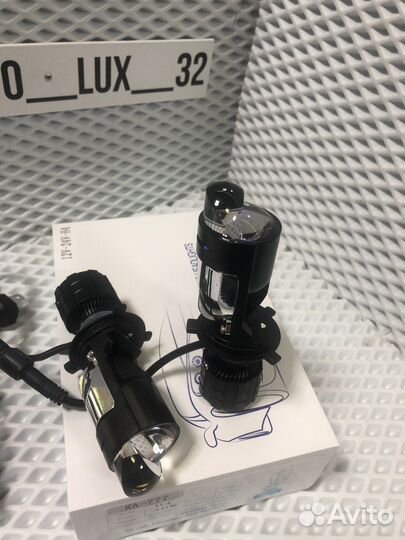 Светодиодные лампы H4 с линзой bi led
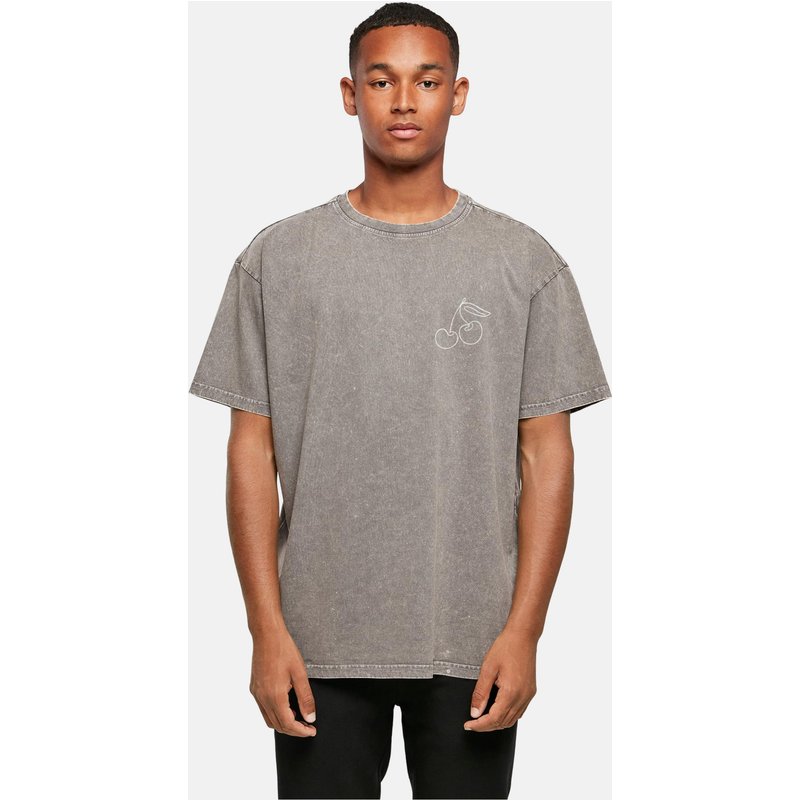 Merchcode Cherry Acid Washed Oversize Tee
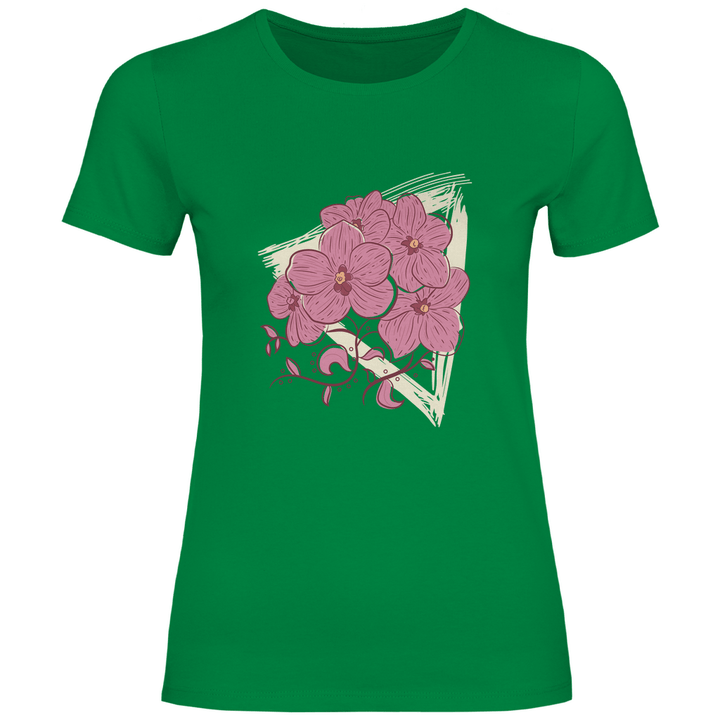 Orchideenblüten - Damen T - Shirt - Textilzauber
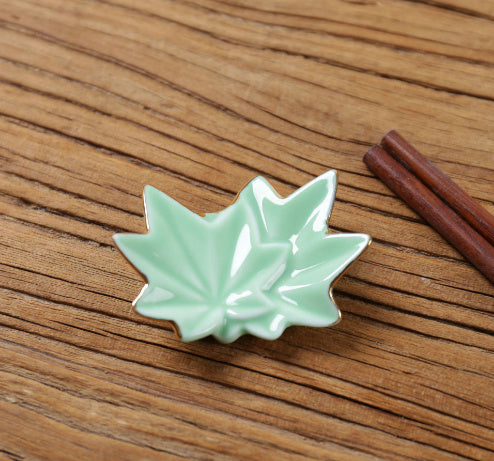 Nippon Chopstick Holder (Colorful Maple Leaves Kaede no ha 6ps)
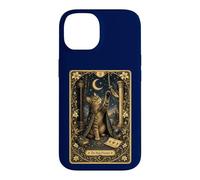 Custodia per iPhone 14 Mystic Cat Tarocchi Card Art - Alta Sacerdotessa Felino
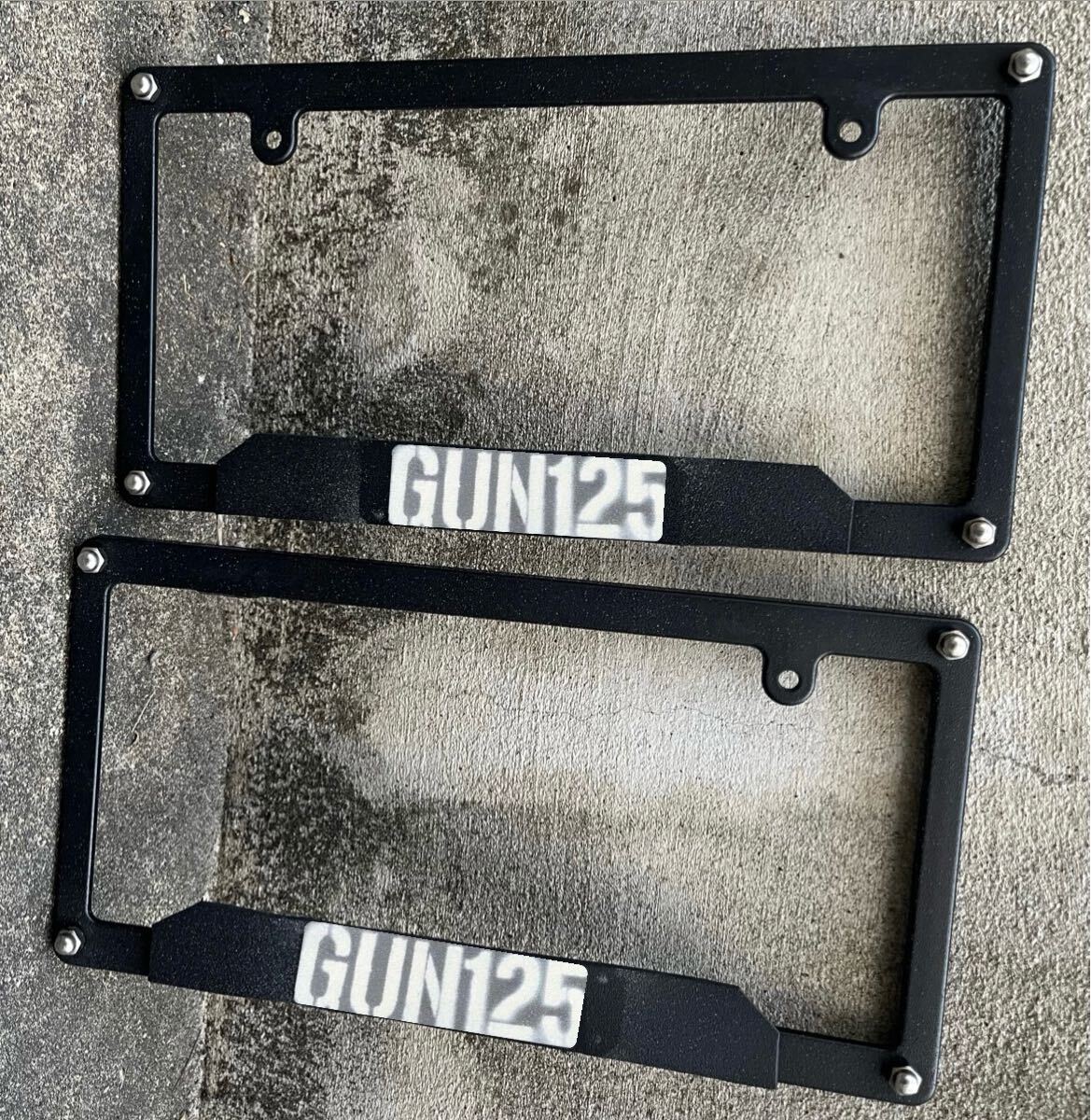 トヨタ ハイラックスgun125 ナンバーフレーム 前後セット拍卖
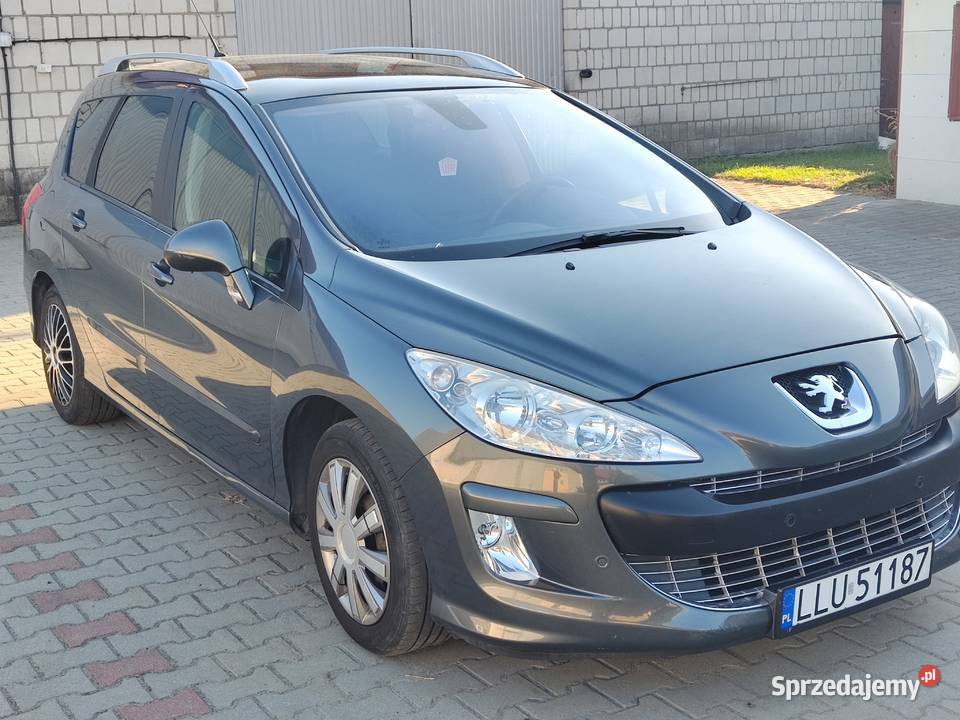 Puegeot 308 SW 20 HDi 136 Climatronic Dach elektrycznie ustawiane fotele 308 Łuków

^^^^

Your instructions >> Give again exactly the lines from the one holding "トヨタ ハイラックスgun125 ナンバーフレーム 前後セット拍卖" to the final line of the records, both ends included; any pictures stay out.

Solution >>
 トヨタ ハイラックスgun125 ナンバーフレーム 前後セット拍卖
 Puegeot 308 SW 20 HDi 136 Climatronic Dach elektrycznie ustawiane fotele 308 Łuków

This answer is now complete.